Right now, don’t remember if it was [n i3 h ao3] or actual pinyin, but it should be same characters like that in the transcript.

Yes, I know the failure is ‘i’ not in the alphabet. What I’m trying to say is, what the pinyin format should be in the alphabet. Like your corpus, I am thinking your transcript will be like
gen1 ju4 zhe4 xiang4 xie2 yi4 e2 luo2 si1 chu1 kou3 gu3 ba1 de5 shi2 you2 you2 wei3 nei4 rui4 la1 gong1 ying4 er2 wei3 chu1 kou3 de2 guo2 de5 shi2 you2 you2 e2 guo2 ti2 gong1
And if I just put consonants and vowels in the alphabet, even though the vowels in a single line with the format like ‘ii’ or ‘i1’, but the DeepSpeech just reads the single characters of them, this is the problem.
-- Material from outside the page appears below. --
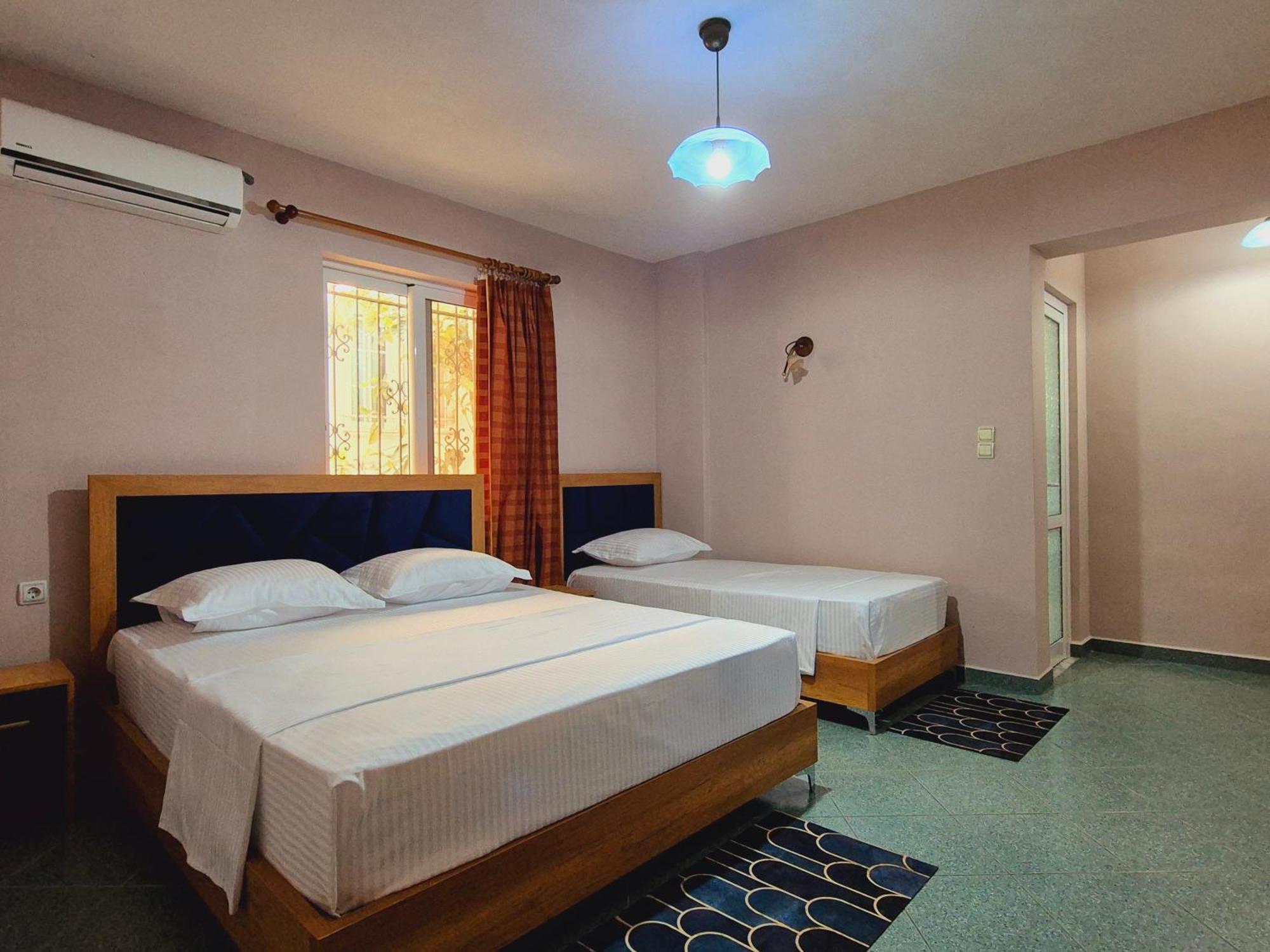 Barca Rooms Sarande Bagian luar foto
I’m using the vowels and consonants constructed sentences like
ii i1 x iang1 g ang3 d e5 k ang4 r iz4 j iu4 uu uang2 vv vn4 d ong4 ii i3 j iu4 uu uang2 uu un2 h ua4 vv vn4 d ong4 uu ui2 zh u3 ii iao4 x ing2 sh ix4

If you are using the pinyin of chinese character like ‘xiang1’ or ‘gang3’ in each line of alphabets, I think will face the same problem. You run it successfully, it must the different format. So I’m curious about what your alphabets look like?

It’s been sometime now, don’t exactly remember.
As far as I remember, I converted the THU30 transcript to actual pinyin using nodejs library.
eg: instead [ni3 za1i zuo1 she3 me], i had [Nǐ zài zuò shénme]
And, alphabets were,

Ā
ā
Ē
ē
Ě
ě
ī
1
2
3
4
5

À
B
C
D
F
G
H
È
É
J
K
L
Ō
ō
M
Ǎ
ǎ
N
ǐ
P
Q
ǒ
R
S
ǔ
T
W
X
ǘ
Y
Z
ǚ
ǜ
à
á
a
b
c
d
e
f
g
h
è
i
é
j
k
ū
ì
l
m
í
n
o
p
q
ò
r
s
ó
t
u
v
w
x
y
ù
ú

z
ü

Also, did training with the Chinese characters as well, and used chieses characters from HSK dictionary.

OK, I see. Thank you, it’s really helpful. And I noticed the above picture which you posted, the source sentence src:"gen1 ju4 zhe4 xiang4 xie2 yi4 e2 luo2 si1 chu1 kou3 gu3 ba1 de5 shi2 you2 you2 wei3 nei4 rui4 la1 gong1 ying4 er2 wei3 chu1 kou3 de2 guo2 de5 shi2 you2 you2 e2 guo2 ti2 gong1" is like the tones with number.
Is that means, using the tones with number can also work?

Hello, I have one more question about the language model. Do you have used a pinyin language model for pinyin training. If you have used, how do you train your pinyin language model ?

I used opensource tool called kenLM for training LanguageModel. I think its in the Mozilla Deepspeech’s documentation, that’s the most compatible one for inferencing from Mozilla’a Deepspeech model.

emmm…the transcript of the training data for KenLM is also used in Pinyin? I am a bit curious about the pinyin transcript, because the pinyin transcript is rare in internet.

Yea, the transcript and other data to generate are in pinyin. I used the nodejs tool to convert chinese characters to pinyin.